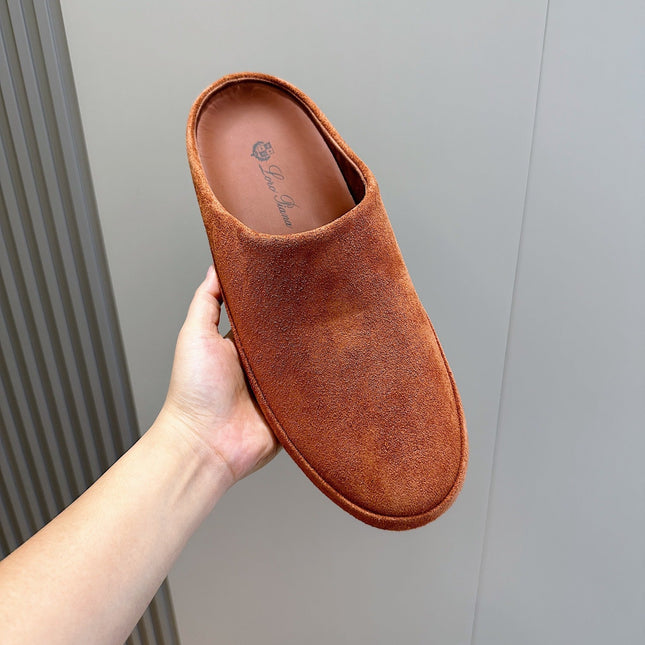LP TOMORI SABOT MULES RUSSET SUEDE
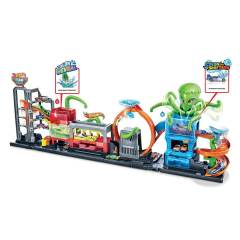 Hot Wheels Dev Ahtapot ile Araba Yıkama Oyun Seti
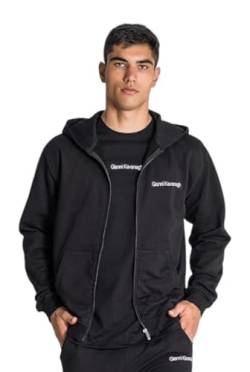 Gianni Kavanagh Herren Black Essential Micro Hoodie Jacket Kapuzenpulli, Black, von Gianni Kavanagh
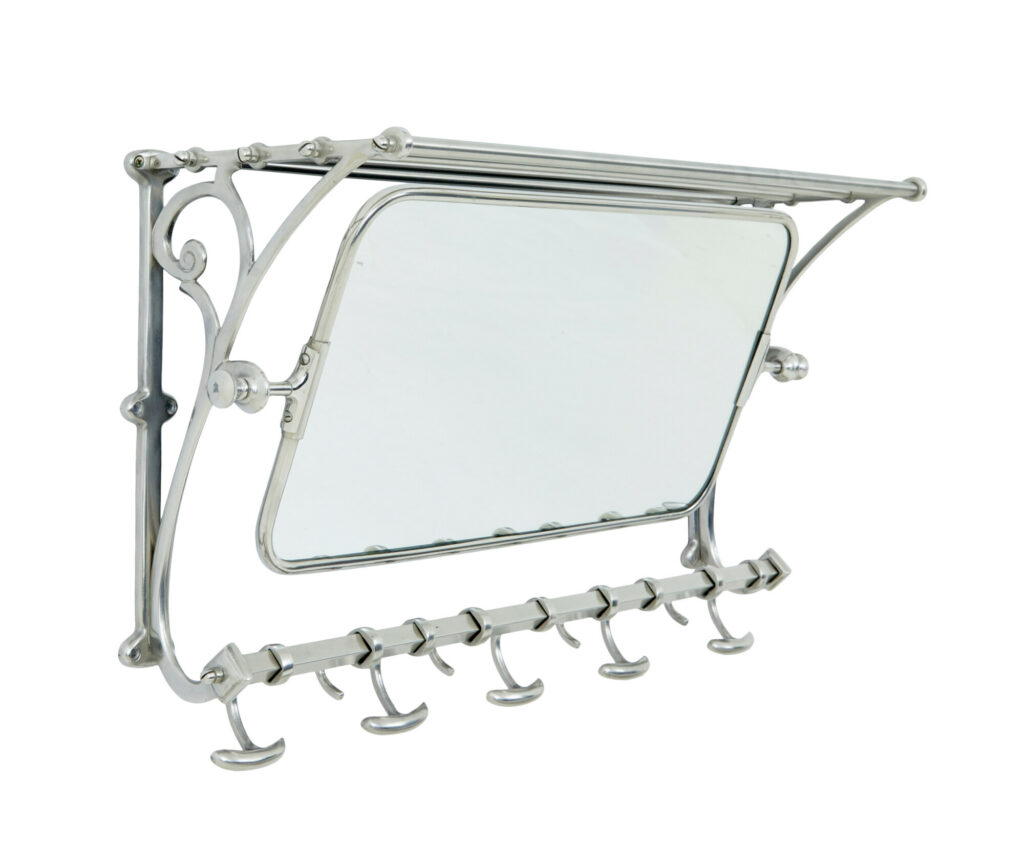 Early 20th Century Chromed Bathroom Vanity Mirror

...

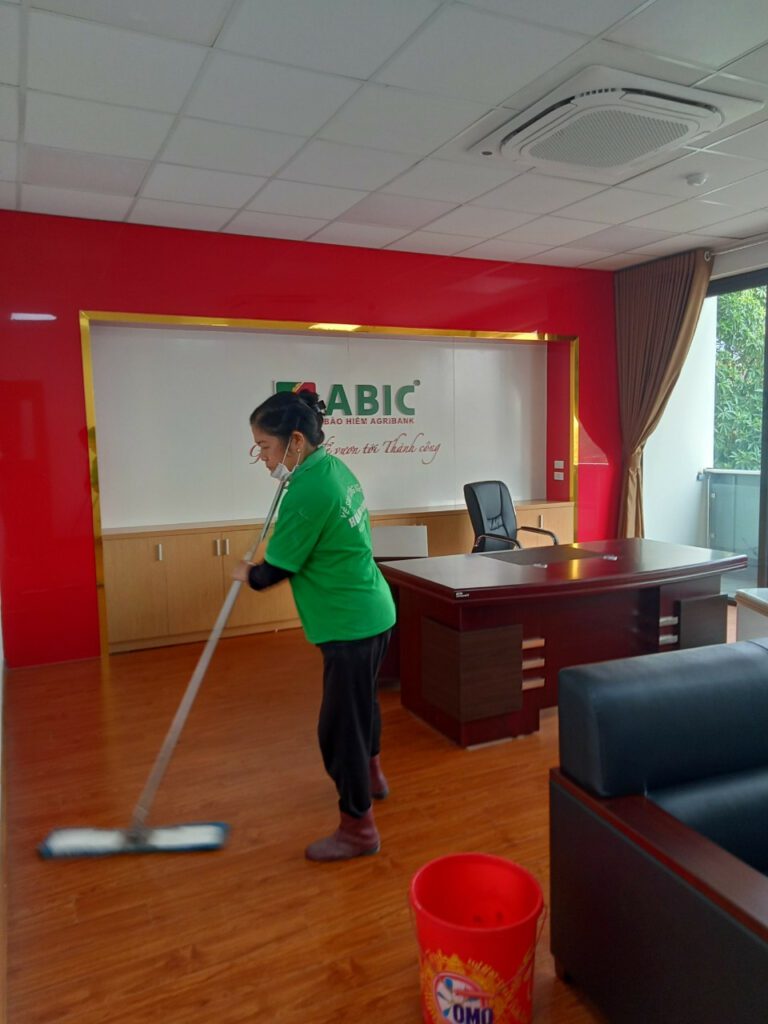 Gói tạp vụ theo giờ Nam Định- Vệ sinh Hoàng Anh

→ Your objective:
Quote the lines above exactly, starting with the one that has "LP TOMORI SABOT MULES RUSSET SUEDE" and ending with the one that has "Early 20th Century"; drop the pictures and include nothing else.

→ Result below:
LP TOMORI SABOT MULES RUSSET SUEDE
 Hot Wheels Dev Ahtapot ile Araba Yıkama Oyun Seti
 Gianni Kavanagh Herren Black Essential Micro Hoodie Jacket Kapuzenpulli, Black, von Gianni Kavanagh
 Early 20th Century Chromed Bathroom Vanity Mirror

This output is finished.